How to scale an Image Recogniton API?

Hi all,
So I have deployed a CNN written in Keras, as a Rest Api using flask on render and it works perfectly. I followed this tutorial .(
However I have a few doubts.

In my project, the client side will send a folder of images to get classified. This folder will usually contain ~10,000 images.

How can the client side send 10,000 images as POST requests? I tried running a for loop on a list of images, where every single image is sent as a POST request but this process is very slow.

How can I send Images in batches to the REST API?

I tried reading this ( but it’s a little too advanced for my DevOps skills right now. Is there a simpler solution?

I suspect the easiest way to scale this would be to run the AI part in separate processes e.g. multiple flask processes managed by gunicorn/uwsgi/… (I assume you do inference on the CPU). So you could process more images in parallel.

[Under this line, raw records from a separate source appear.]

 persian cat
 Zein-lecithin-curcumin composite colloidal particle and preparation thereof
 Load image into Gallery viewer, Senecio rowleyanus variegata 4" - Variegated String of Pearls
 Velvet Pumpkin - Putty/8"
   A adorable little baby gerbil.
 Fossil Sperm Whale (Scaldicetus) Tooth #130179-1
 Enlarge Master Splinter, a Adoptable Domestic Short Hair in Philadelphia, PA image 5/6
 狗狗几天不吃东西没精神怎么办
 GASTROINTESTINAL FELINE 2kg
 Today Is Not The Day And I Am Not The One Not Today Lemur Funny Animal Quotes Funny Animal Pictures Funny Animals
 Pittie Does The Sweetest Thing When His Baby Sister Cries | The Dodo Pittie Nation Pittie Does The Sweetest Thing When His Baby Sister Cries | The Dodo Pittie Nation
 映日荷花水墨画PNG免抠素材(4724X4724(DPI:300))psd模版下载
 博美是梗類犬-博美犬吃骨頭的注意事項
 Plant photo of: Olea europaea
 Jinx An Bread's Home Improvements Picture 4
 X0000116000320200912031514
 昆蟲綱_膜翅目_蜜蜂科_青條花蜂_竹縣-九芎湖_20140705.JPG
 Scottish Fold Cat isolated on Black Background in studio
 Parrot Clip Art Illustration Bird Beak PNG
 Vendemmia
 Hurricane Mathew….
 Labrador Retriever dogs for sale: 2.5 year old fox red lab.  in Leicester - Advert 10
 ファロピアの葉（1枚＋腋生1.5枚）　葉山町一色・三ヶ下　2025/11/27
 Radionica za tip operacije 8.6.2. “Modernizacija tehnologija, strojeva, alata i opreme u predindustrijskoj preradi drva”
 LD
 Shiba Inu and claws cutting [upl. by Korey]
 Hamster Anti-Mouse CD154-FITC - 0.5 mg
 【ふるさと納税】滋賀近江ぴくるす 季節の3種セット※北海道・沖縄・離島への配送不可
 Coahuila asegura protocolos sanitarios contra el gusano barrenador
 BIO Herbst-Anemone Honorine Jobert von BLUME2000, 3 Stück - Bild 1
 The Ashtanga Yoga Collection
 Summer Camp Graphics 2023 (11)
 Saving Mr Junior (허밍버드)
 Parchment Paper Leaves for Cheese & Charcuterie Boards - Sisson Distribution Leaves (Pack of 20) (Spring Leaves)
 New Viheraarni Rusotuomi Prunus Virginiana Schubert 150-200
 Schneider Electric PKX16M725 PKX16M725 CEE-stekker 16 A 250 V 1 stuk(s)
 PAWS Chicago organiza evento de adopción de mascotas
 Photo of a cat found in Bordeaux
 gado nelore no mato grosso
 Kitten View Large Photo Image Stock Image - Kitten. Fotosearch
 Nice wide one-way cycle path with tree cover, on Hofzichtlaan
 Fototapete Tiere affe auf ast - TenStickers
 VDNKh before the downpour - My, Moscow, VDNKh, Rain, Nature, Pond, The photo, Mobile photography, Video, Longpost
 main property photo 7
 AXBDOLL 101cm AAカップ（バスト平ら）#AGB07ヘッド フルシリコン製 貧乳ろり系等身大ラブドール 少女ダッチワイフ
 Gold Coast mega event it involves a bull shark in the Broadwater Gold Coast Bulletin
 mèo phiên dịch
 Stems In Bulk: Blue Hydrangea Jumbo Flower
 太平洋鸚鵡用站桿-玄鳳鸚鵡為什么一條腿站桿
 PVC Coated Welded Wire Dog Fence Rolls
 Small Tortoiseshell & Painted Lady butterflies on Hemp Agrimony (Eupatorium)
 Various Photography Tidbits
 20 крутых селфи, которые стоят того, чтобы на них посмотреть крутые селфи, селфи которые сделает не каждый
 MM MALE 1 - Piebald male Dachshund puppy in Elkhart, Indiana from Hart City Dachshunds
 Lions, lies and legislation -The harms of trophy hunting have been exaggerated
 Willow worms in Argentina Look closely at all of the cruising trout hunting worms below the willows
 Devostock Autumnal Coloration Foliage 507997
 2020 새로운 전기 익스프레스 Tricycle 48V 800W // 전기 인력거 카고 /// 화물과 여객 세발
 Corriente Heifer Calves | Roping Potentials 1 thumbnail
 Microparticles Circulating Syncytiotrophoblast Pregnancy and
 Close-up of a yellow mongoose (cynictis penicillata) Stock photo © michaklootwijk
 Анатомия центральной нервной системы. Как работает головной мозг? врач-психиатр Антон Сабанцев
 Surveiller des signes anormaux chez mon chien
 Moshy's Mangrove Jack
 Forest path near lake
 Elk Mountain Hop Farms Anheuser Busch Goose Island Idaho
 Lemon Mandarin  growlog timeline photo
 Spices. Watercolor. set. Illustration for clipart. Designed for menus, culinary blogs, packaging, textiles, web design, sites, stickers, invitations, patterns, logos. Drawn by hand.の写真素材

Then you need to solve uploading - as you noticed you won’t get any speed benefit if you just upload one image after another in a single process. In production you may have multiple sources of images to classify so you don’t have to do anything special.

If you have a single process which should submit images for classification ideally you’d use async uploading (httpx library).

Can you share a Github repository (if you are aware of any) from where I can find the basic structure of my API ?

As far as I understand you just scale like any other web app so any flask deployment tutorial with multiple worker processes should be fine. For the client-side submission the httpx docs should tell you everything you need.

(Of course you could also send image batches and use a worker queue like celery/rq to distribute the load but I guess that async uploading should be straight-forward.)

You should try sending them all in JSON as base64 perhaps. That’ll make them all one gigantic request.